The Exhibition Guide will be available following the exhibition opening.
Myriam Lefkowitz
'Walk, Hands, Eyes (Edinburgh)'
Citywide project
Myriam Lefkowitz’s practice has come to focus on attention and perception, with Walk, Hands, Eyes (Edinburgh) being led by performers specially trained by Lefkowitz to impart an embodied knowledge of the city.
Each guide has learnt to devise their own tours of Edinburgh in an intuitive way, after understanding with Lefkowitz how to read what might be termed by distributed cognition, the ‘experiential affordances’ of Edinburgh. J.J. Gibson coined the term ‘affordance’ to describe the way we perceive objects and environments as affording (offering) certain possibilities for action that relate to our particular bodies and their particular states. So, for example, if we are tired and see a hill – a fairly frequent occurrence in Edinburgh – then it will appear steeper.

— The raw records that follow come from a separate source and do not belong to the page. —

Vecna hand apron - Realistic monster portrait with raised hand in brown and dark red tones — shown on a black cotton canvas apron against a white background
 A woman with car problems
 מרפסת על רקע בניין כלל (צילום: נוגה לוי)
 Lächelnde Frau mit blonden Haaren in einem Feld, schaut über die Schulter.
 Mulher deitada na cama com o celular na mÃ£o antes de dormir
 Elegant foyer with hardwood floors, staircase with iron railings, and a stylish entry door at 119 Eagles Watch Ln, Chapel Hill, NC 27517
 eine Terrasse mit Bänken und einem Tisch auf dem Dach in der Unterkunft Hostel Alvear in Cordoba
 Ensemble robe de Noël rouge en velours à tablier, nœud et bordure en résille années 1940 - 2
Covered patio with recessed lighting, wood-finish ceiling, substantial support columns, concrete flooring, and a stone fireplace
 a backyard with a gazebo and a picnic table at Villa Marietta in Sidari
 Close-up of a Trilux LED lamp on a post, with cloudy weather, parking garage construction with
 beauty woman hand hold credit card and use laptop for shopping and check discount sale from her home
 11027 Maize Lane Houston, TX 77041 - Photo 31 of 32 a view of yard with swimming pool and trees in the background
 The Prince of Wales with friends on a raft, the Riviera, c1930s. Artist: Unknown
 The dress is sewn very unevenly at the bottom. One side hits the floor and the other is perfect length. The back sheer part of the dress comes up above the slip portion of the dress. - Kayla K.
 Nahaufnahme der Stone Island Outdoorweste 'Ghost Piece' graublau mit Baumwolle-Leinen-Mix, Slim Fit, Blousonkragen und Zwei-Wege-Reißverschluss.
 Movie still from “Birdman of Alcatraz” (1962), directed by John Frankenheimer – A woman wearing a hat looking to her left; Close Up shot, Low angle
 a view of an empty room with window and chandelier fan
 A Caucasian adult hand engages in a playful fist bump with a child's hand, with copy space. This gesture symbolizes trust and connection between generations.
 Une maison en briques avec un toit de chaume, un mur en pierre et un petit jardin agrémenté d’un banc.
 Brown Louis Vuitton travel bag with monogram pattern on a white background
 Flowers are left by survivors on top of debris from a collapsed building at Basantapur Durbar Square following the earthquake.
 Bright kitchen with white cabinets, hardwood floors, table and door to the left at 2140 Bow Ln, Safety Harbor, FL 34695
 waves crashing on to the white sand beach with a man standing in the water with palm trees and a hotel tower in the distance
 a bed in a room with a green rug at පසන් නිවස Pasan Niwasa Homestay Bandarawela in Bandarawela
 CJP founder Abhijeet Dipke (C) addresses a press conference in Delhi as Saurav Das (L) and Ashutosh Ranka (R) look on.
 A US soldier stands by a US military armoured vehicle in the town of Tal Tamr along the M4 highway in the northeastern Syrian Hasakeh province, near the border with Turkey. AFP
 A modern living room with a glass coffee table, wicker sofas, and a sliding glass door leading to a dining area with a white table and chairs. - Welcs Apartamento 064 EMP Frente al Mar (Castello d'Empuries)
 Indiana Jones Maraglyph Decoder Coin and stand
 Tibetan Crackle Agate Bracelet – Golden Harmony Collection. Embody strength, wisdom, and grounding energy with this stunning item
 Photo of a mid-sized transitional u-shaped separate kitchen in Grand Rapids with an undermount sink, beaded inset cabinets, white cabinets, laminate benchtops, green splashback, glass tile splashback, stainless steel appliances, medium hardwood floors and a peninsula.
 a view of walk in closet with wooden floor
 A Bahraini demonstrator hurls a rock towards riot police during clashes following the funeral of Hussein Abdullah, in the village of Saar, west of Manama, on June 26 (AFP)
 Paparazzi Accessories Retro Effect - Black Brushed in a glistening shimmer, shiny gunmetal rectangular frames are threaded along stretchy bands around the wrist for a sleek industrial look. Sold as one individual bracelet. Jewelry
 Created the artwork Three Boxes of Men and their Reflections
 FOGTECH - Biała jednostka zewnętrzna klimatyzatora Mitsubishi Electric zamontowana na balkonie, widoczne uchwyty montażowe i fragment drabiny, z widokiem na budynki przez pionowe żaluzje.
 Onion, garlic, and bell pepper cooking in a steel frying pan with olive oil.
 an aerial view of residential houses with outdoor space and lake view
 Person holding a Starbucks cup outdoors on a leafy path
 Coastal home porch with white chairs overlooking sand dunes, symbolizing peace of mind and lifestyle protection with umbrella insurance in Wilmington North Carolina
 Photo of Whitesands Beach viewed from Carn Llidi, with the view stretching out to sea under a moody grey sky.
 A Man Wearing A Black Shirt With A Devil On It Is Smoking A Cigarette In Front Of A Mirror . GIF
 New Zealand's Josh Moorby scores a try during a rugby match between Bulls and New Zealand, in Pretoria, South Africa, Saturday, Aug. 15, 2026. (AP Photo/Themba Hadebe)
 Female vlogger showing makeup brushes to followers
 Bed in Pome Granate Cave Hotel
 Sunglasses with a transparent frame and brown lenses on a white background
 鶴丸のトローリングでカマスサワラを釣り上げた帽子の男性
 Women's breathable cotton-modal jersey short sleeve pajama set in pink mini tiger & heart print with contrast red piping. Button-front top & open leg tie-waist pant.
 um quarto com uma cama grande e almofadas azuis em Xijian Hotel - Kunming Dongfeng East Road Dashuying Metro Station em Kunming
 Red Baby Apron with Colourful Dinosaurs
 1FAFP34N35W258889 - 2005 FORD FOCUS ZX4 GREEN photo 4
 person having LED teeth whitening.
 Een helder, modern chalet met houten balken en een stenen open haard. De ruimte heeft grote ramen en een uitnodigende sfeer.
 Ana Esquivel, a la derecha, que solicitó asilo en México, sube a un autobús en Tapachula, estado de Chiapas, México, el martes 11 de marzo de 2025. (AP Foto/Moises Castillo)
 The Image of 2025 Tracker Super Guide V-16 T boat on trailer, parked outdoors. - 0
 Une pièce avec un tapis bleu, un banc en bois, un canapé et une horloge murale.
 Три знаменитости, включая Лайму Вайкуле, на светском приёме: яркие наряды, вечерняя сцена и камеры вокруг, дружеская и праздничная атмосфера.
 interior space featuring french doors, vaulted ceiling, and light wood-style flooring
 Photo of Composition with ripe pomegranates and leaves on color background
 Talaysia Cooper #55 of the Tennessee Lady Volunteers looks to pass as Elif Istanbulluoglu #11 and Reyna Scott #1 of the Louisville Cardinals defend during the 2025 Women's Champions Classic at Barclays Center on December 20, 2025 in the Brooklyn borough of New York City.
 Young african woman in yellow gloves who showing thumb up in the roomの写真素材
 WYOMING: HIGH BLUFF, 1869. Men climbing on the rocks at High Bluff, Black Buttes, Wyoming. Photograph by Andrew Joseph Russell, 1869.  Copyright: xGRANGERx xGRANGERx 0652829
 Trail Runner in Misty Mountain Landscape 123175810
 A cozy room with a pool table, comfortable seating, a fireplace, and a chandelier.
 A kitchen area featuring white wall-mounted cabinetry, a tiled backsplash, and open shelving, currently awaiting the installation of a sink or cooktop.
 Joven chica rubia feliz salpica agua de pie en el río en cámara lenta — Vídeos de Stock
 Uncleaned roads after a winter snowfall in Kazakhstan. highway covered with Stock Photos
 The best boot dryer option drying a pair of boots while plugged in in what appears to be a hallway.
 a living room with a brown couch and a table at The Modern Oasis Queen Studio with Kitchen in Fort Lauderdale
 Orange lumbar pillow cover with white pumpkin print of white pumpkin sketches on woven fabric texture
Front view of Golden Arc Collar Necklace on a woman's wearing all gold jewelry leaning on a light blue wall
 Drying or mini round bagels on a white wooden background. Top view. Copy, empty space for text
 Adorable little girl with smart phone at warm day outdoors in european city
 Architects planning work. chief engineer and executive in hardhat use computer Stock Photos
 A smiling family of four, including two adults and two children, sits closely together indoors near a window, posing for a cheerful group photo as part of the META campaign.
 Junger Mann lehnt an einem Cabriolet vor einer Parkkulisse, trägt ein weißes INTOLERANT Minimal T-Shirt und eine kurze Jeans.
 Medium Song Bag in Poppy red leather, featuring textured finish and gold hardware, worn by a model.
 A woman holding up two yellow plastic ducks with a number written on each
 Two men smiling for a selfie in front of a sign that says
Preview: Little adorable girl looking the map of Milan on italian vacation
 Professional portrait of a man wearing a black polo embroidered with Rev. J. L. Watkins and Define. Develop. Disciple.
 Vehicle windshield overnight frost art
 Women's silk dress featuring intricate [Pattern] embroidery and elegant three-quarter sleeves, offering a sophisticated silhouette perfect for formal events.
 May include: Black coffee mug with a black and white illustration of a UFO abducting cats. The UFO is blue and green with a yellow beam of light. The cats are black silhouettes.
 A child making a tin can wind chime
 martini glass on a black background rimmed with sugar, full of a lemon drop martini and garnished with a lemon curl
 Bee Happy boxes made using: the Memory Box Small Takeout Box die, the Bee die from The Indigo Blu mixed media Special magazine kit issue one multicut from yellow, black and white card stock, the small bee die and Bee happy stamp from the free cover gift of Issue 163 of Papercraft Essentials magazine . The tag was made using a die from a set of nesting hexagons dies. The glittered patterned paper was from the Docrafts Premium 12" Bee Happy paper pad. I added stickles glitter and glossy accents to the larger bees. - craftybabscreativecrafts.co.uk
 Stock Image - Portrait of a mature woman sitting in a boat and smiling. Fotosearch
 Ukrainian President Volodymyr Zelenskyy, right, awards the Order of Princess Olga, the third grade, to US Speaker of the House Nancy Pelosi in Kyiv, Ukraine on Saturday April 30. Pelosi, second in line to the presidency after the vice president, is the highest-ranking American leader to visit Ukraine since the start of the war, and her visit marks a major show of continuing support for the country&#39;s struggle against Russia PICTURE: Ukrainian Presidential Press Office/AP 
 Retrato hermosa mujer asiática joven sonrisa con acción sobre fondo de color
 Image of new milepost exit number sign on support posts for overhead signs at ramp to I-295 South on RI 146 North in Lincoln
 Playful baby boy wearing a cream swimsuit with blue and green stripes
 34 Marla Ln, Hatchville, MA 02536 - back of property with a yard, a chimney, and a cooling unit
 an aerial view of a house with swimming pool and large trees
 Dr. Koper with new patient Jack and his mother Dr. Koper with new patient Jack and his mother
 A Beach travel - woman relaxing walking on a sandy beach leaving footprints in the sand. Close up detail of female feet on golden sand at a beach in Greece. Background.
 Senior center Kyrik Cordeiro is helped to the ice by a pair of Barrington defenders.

Edinburgh’s city structures also illustrate the idea of cognitive niche construction, the way in which humans are particularly talented at moulding niches – the environments around us – to supplement our cognitive needs. Geological, architectural, historical, conceptual and fictional domains also interactively compose the experience of a place: the accreted layers are a significant factor in the constitution and constraining of inhabitants’ and (to a lesser extent) visitors’ phenomenological horizons, at the same time as they perpetually reconstitute it.
After building the confidence to take people by the hand and out into the city, the guides ask participants to close their eyes so that they can share a different awareness of the space with them. During an hour- long tour participants are asked to quickly open and close their eyes, with the effect of producing a kind of mental snapshot of a specific scene.
These snapshots, being the only visual encounter during the tour, can often form strong mental images that induce idiosyncratic associations. Elena Brake – a guide on the project in Plymouth – describes the disorientating effect of the walk whilst reflecting on her first experience as a participant:
"During one of my walks I opened my eyes on a lamppost with a seagull that reminded me somehow of a seaside town I had visited as a child. When I closed my eyes, I felt like I was there, and as
the path I walked physically went down, the path in my mind kept going up, it felt as though all the sounds I heard were above me and I was descending into the ground. I felt the edges of the world around me blur and dissolve."
Approaching a place, through such an unfamiliar sensory experience, enables a revitalisation of perceptions deadened through habituation. The walk creates a closeness between the guide and participant as a relationship of trust is formed; exploring the city becomes a collaborative endeavour because although the guide takes the lead, the guide and participant collaboratively make new sense of the environment. At the end of the walks, guides have said that they have felt like they have known participants for a long time, whilst participants suggest it is like experiencing a secret. It is like a guided meditative experience and as Lefkowitz describes it: ‘The reality that we show as guides is like a trampoline: the thing you need to bounce on to be able to fly a little and get a different perspective on the world.’